Un piétinement nerveux m’alerta. Tournant la tête, je vis l’ange. Silencieuse, cachée, elle maintenait son cheval à l’arrêt et m’observait, inquiète. Je ne dis mot, suspendis tout mouvement, m’appliquant à respirer et fixer l’image dans ses moindres détails, afin de la conserver longtemps. La jeune fille mit un doigt sur ses lèvres, m’invitant au silence. Son attention se reporta sur la tuerie. Elle était fascinée. Sa bouche s’entrouvrait, ses yeux se plissaient. Elle vivait toute entière pour cette fin macabre. Un court instant, je vis même la pointe rose de sa langue venir mouiller ses lèvres asséchées. Ce détail déclencha mon érection.
Elle disparut soudainement. Je ne sus que faire de cette tension douloureuse qui gonflait mon pantalon, alors qu’il me fallait masquer mon absence, retourner près du groupe.

Léon fit mine de rien ; je fus mêlé aux rires des chasseurs tandis qu’ils maraudaient autour des dépouilles. La troupe s’en retourna au château. Je suivais, aux aguets, espérant revoir l’ange.

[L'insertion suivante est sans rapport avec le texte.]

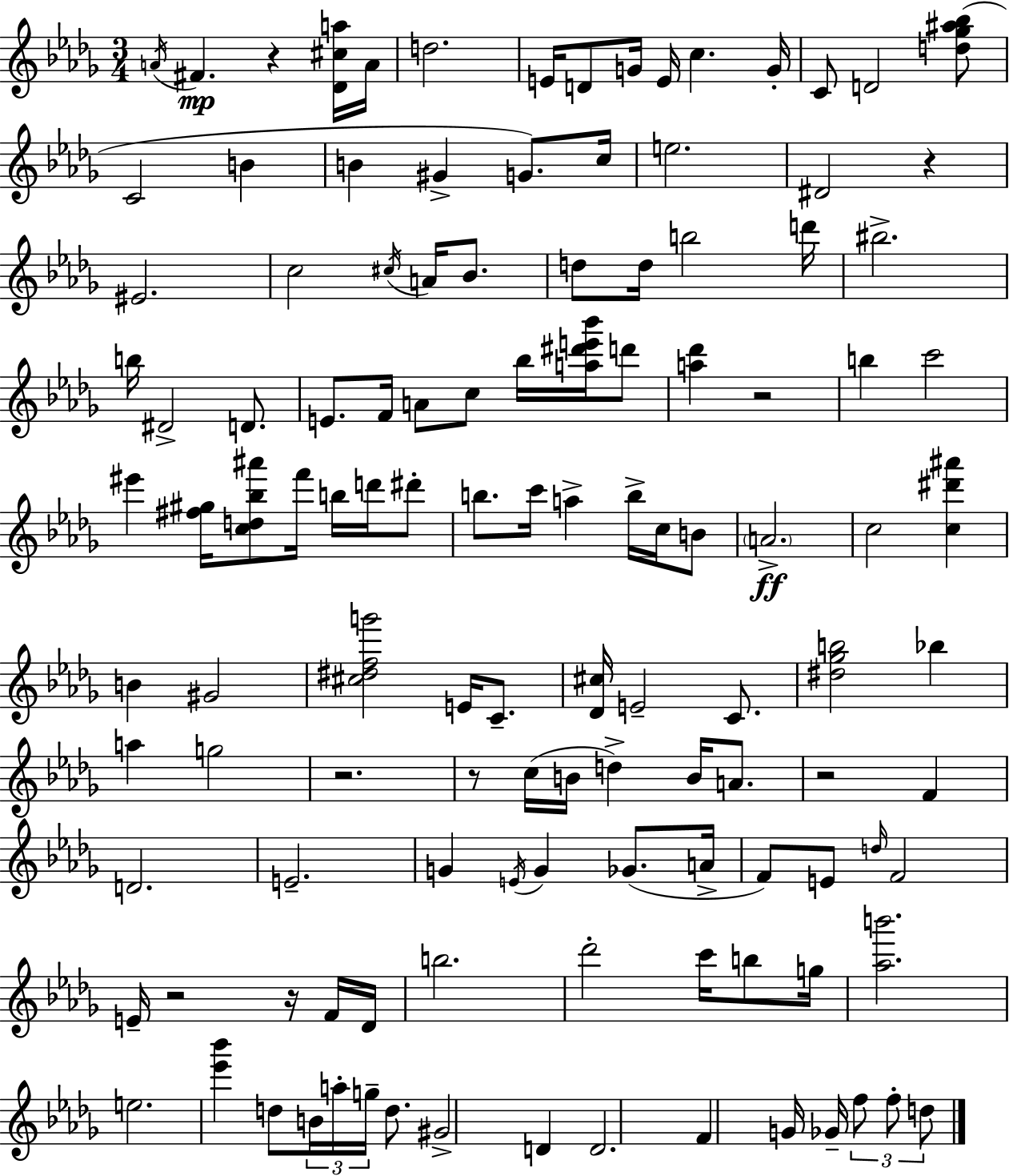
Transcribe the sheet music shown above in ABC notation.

X:1
T:Untitled
M:3/4
L:1/4
K:Bbm
A/4 ^F z [_D^ca]/4 A/4 d2 E/4 D/2 G/4 E/4 c G/4 C/2 D2 [d_g^a_b]/2 C2 B B ^G G/2 c/4 e2 ^D2 z ^E2 c2 ^c/4 A/4 _B/2 d/2 d/4 b2 d'/4 ^b2 b/4 ^D2 D/2 E/2 F/4 A/2 c/2 _b/4 [a^d'e'_b']/4 d'/2 [a_d'] z2 b c'2 ^e' [^f^g]/4 [cd_b^a']/2 f'/4 b/4 d'/4 ^d'/2 b/2 c'/4 a b/4 c/4 B/2 A2 c2 [c^d'^a'] B ^G2 [^c^dfg']2 E/4 C/2 [_D^c]/4 E2 C/2 [^d_gb]2 _b a g2 z2 z/2 c/4 B/4 d B/4 A/2 z2 F D2 E2 G E/4 G _G/2 A/4 F/2 E/2 d/4 F2 E/4 z2 z/4 F/4 _D/4 b2 _d'2 c'/4 b/2 g/4 [_ab']2 e2 [_e'_b'] d/2 B/4 a/4 g/4 d/2 ^G2 D D2 F G/4 _G/4 f/2 f/2 d/2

Elle nous attendait au pied des escaliers. Je pus constater qu’elle était jeune, sans pouvoir préciser, tant son allure différait des gamines du village. La mère ne parvenait pas à réfréner l’enthousiasme que l’ange déployait autour des cadavres et des chasseurs, posant mille questions, virevoltant tel un papillon ivre de sang. Elle m’ignora jusqu’à ce que le charcutier distribua tous les morceaux. Ensuite, désœuvrée, elle parut s’ennuyer et m’aperçut enfin. Je rougis des oreilles aux orteils dès que ses yeux m’effleurèrent ; ce qui l’amusa beaucoup. Devenu son jouet, je m’affolais dans un chassé-croisé d’œillades camouflées, de sourires partagés et de disparitions soudaines. J’allais tourner bourrique quand le Baron m’interpella.

Contraint à retrouver mes esprits sur le champ, je bafouillais quelques formules protocolaires dans le plus grand désordre. Le brave homme sourit de ma confusion et s’approcha. Il me questionna sur les affaires de mon père, seul menuisier du village, m’assura que j’avais choisi un bien beau métier, et demanda à ce que le vieux passe au château pour restaurer son secrétaire. Je laissais filer la journée sans retenue, avec au fond du cœur, la joie d’un retour annoncé.